# TensorFlow vs IBM Watson Comparison
This notebook compares the labeling accuracy between TensorFlow and IBM Watson models training on scientific paper titles.

## Setup Libraries

In [9]:
%matplotlib inline
%config InlineBackend.figure_format = 'retina'

import matplotlib.pyplot as plt
import numpy as np
import pandas as pd
import tensorflow as tf

## Import and Process IBM Watson Results
Two data files are used in this step:

1. arxiv_classifier_test_set.csv, which contains the titles and correct labels
2. watson_classifier_test_results_small.csv, which contains the predictied labels using the 13 different subjects

In [10]:
# Correct labels
correct_data = pd.read_csv('arxiv_classifier_test_set.csv', encoding='latin1')
                             #names=['title', 'main_label', 'label_2', 'label_3', 'label_4'], encoding='latin1')
titles = correct_data['Titles']
correct_labels = correct_data['Labels']

# Predicted labels
predicted_labels = pd.read_csv('watson_classifier_test_results_small.csv',
                              header=None, encoding='latin1')
predicted_labels = predicted_labels[:][1]

In [11]:
# Function to convert correct and predicted labels to integers
def label_to_int(labels):
    # Define classes
    labels_class = np.array([1 if 'astro' in label else 2 if 'physics' in label\
                            else 3 if 'gr-' in label else 4 if 'hep' in label\
                            else 5 if 'math' in label else 6 if 'nlin' in label\
                            else 7 if 'nucl' in label else 8 if 'cond-mat' in label\
                            else 9 if 'q-bio' in label else 10 if 'q-fin' in label\
                            else 11 if 'quant-ph' in label else 12 if 'stat' in label
                            else 0 for label in labels])
    return labels_class

In [12]:
# Convert labels to integers
correct_labels_int = label_to_int(correct_labels)
predicted_labels_int = label_to_int(predicted_labels)
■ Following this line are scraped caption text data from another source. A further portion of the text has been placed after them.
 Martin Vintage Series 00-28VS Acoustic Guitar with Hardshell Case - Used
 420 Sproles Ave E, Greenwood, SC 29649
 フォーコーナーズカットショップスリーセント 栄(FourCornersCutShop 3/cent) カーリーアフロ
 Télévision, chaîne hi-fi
## Calculate IBM Watson Subject Prediction Accuracy

In [13]:
# Create function to check matches
def check_value_match(array1, array2):
    matches = [1 if array1[ii] == array2[ii] else 0 for ii in range(len(array1))]
    return matches

In [14]:
# Calculate accuracy
labels_matched = check_value_match(correct_labels_int, predicted_labels_int)
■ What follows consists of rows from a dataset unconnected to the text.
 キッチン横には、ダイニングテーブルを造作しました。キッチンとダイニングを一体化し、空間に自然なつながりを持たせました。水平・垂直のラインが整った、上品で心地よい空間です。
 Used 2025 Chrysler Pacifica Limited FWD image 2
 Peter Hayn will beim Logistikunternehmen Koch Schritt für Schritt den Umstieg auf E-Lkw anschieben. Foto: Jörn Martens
# Print IBM Watson accuracy
print("IBM Watson accuracy on titles: {:3f}".format(np.mean(labels_matched)) )

IBM Watson accuracy on titles: 0.679389


## Comparison
IBM Watson outperform TensorFlow model by about 12% (56% vs. 68%). This may be due to the following:

- Algorithm(s): Watson may be using something other than RNNs or LSTMs
- Nueral network architecture (if applicable): If Watson is using RNN and LSTMs, then the architecture may be different
- Supplementary data: In addition to the training data, Watson may be using other NPL knowledge supplementing their models

In any case, it may be possible to improve the TensorFlow model by simply increasing the dataset, more thorough pre-processing steps, tyring other neural network architectures, and supplementing the model with pre-determined word embeddings.